Partitioned Approach and Gene-Tree-Based Approach

In the above analyses, phylogenetic trees were constructed with concatenated sequences using the JTTFG model. Phylogenetic trees were constructed for concatenated sequences with a different substitution model (GTRG) and using the partitioned approach. For the Hughes data, only AU test was conducted for the GTRG model, by computing the likelihood values of the three tree topologies corresponding to Trees 1–3 because of the large numbers of loci and species. They were mostly the same as those of JTTFG, and BPs supporting the constructed tree topologies and P values of AU test were similar (supplementary table S7, Supplementary Material online).

In the gene-tree based approach by ASTRAL, tree topologies were the same as those for the concatenated sequences except one case in which Tree 3 was constructed with all the outgroups for the Hughes data instead of Tree 1 which was constructed for the concatenated sequence. Although the BPs in the gene-tree based approach were much lower (15.5–20% for the Bian data, 28.6–39.9% for the Chen data, and 6.7–16.8% for the Hughes data) (supplementary table S7, Supplementary Material online). This result suggested that the effects of incomplete lineage sorting, as well as the substitution models used and the partitioning on the constructed tree topologies, were small compared with that of species included and the sequence divergence.

Computer Simulation

In the above analyses, the constructed tree topologies were affected by branch lengths, amino-acid frequencies of the included species, and the divergence of sequence data. The effects of branch lengths by the species included were examined by computer simulation generating sequence data for model trees corresponding to Trees 1–3 with branch lengths estimated from the Bian data, the four sets of the Chen data, and the Hughes data (supplementary figs. S5 and S6, Supplementary Material online) (see for all the results supplementary tables S8–S10, Supplementary Material online). In the following the results for which Tree 1 was used as the model tree (fig. 5) will be discussed. However, the results were similar among the cases in which Trees 1–3 were used as the model trees (supplementary figs. S4, S7, and S8, Supplementary Material online).

For the Bian data different species of the outgroup, Osteoglossomorpha, Elopomorpha, and Clupeocephala were included (fig. 5a). The numbers of replications in which the correct tree topologies were obtained (NCs) were higher when species with a shorter bR, such as gar as the outgroup or tarpon in Elopomorpha, was included than when species with a longer bRs, such as coelacanth or European eel, were included. Although the differences in the bRs of species in Osteoglossomorpha and Clupeocephala were relatively small, there was a tendency for the NC to become higher when including species with a shorter bR (fig. 5a and supplementary fig. S7, Supplementary Material online). There was a positive correlation between the difference in NCs (ΔNC) and that of the bRs to species included (ΔbR) (supplementary fig. S9a and table S11, Supplementary Material online).
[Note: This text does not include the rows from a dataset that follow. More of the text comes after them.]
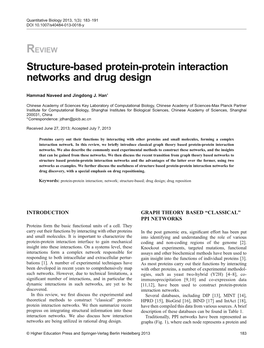 Structure-Based Protein-Protein Interaction Networks and Drug Design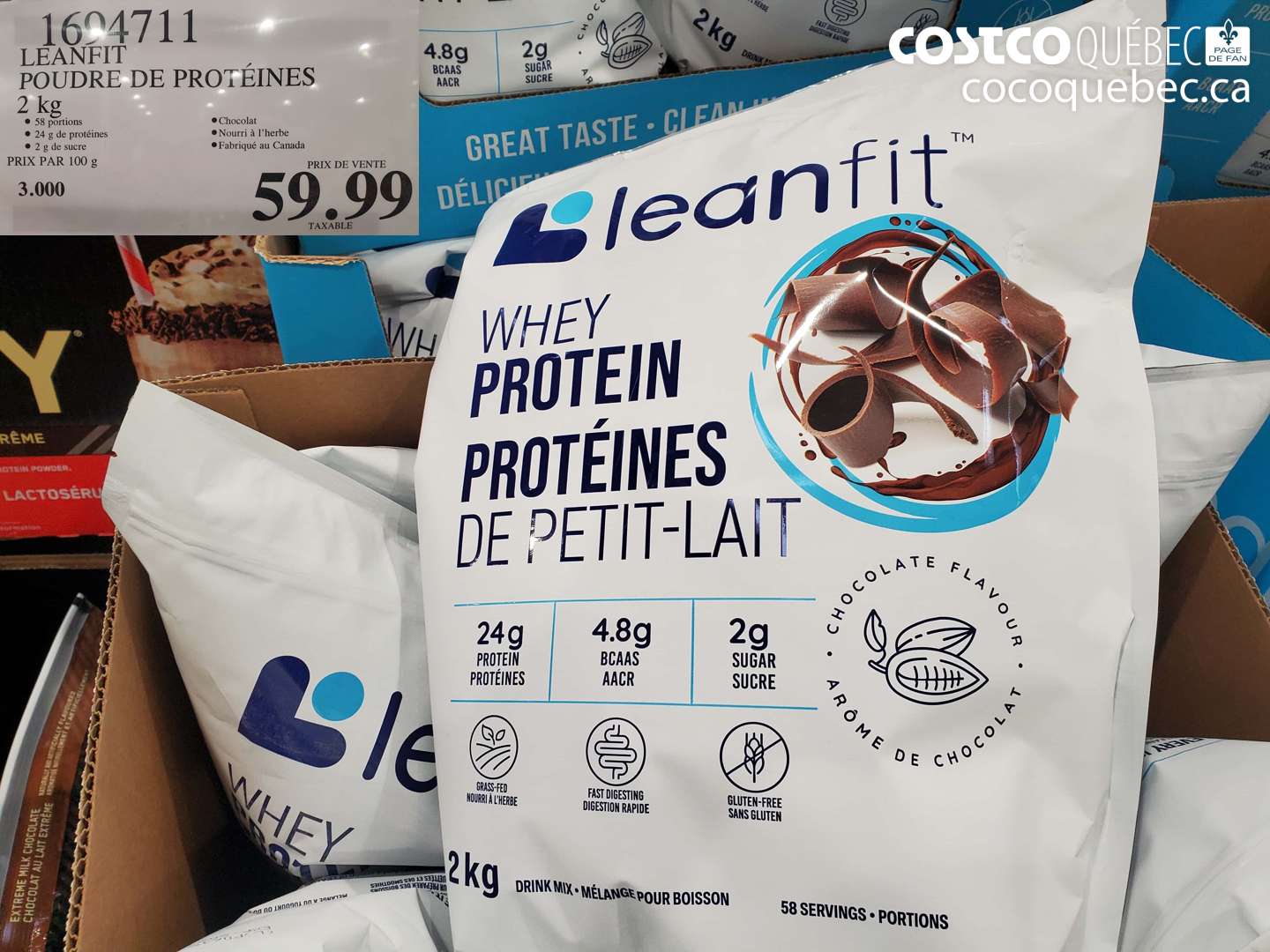 1694711 LEANFIT POUDRE DE PROTEINES 2 KG $59.99
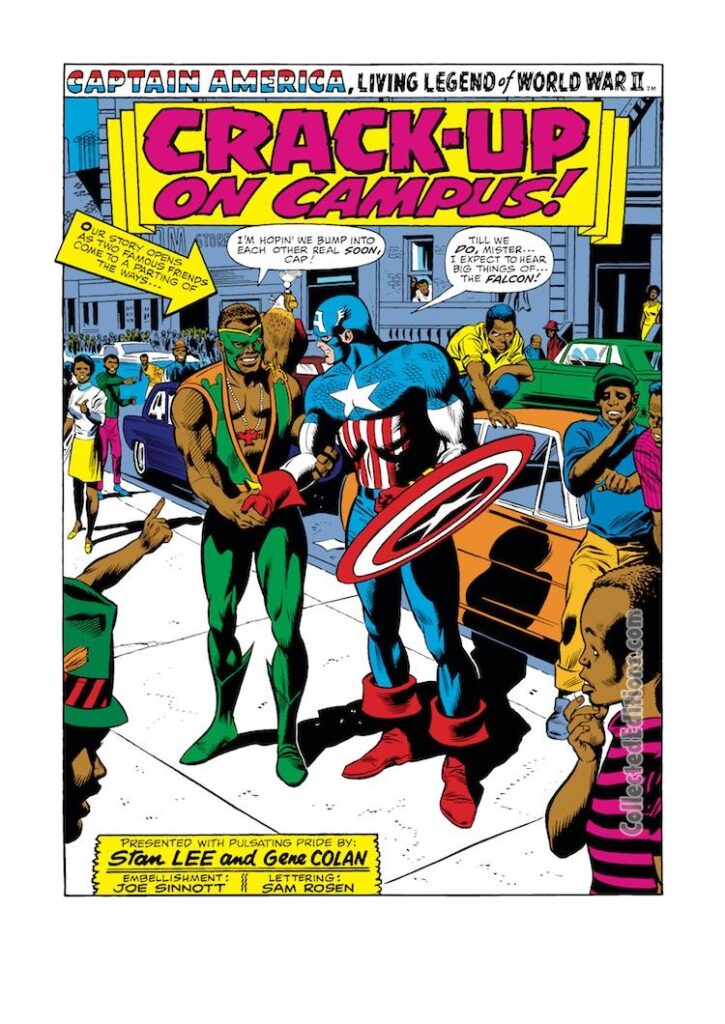 Captain America #120, pg. 1; pencils, Gene Colan; inks, Joe Sinnott; Crack-Up On Campus; Stan Lee, splash page, Falcon, Redwing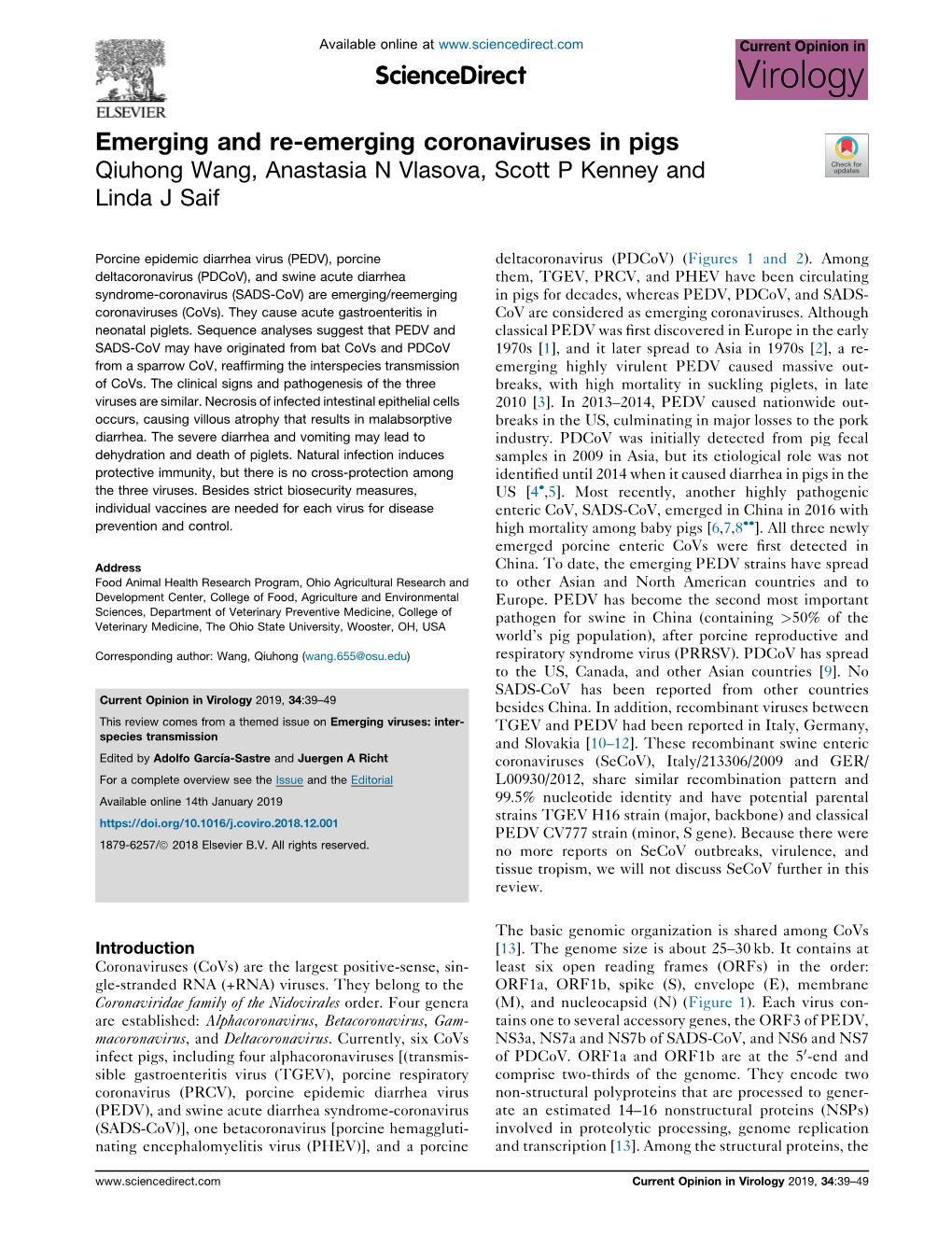 Emerging and Re-Emerging Coronaviruses in Pigs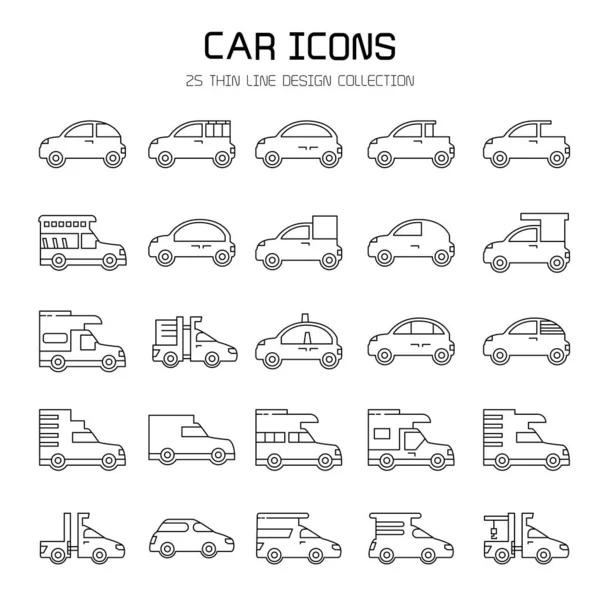 Vector Ilustración Iconos Automóviles — Archivo Imágenes Vectoriales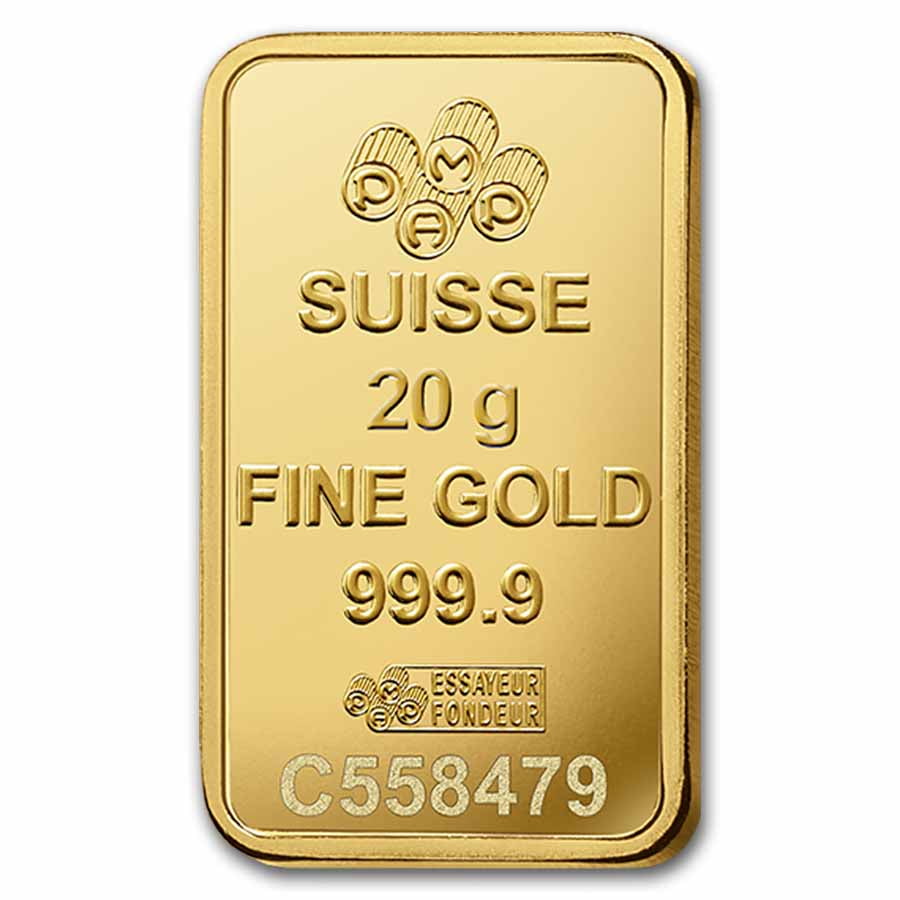 PAMP 20g Gold Bar - Fortuna Veriscan with Assay Certificate, .9999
For the four sets of the Chen data, the outgroups and species in Clupeocephala were changed. Even though the extent of the sequence divergence of the four sets varied, the NCs tended to be higher when including species with a shorter bR in the result of the four sets (supplementary fig. S9be and table S11, Supplementary Material online), similar to the Bian data.

Although the Bian data included multiple species in Osteoglossomorpha and Elopomorpha, only one species was available in these groups in the Chen data. NCs in the cases in which multiple species were included in Osteoglossomorpha and Elopomorpha were much higher than those in which one species was included for these groups in the Bian data (fig. 5c and supplementary fig. S1, Supplementary Material online). This result was consistent with the theoretical study (Townsend and López-Giráldez 2010) and computer simulation (e.g., Hillis 1998; Heath et al. 2008).

For the Hughes data, the outgroups were changed and the butterflyfish, eels, and tarpon which had different bRs in Osteoglossomopha and Elopomorpha were excluded. As the results of the Bian and Chen data, the NC tended to become higher when the outgroups with shorter bRs were used. In contrast, when the tarpon with a shorter bR than the eels was included (by excluding the eels), the NCs were sometimes lower than those when the eels were included (supplementary table S8, Supplementary Material online). However, with all the outgroups or Holostei as the outgroups, the NCs were always higher when the tarpon was included than when the eels were included (fig. 5d). When the butterflyfish, which had a longer bR than the other Osteoglossomorpha species, was excluded, the NCs slightly decreased in general, but remained similar. This may be because there were six species of Osteoglossomorpha in the Hughes data and exclusion of one species had a small effect on the tree topology.

UCE Data

Although concatenated sequences of protein-coding genes in the three previous studies (Chen et al. 2015; Bian et al. 2016; Hughes et al. 2018) all supported Tree 1, that of UCE data supported Tree 2 with high statistical support (Faircloth et al. 2013; BP = 100% in supplementary fig. S10, Supplementary Material online). One of the reasons for this difference in constructed tree topologies appears to be the relatively low sequence divergence of the UCE data. The bRs of UCE data were on average ∼50% of those of the Bian data, 30–50% of the Hughes data, and 95% and 90% of the Total and Teleost sets of the Chen data (supplementary table S2, Supplementary Material online). Although the bRs of the UCE data were approximately two to three times longer than those of the Slow1000 and Slow500 sets of the Chen data, the UCE data contained two species in both Elopomorpha and Osteoglossomorpha, in contrast to the Chen data that included only one species in these groups.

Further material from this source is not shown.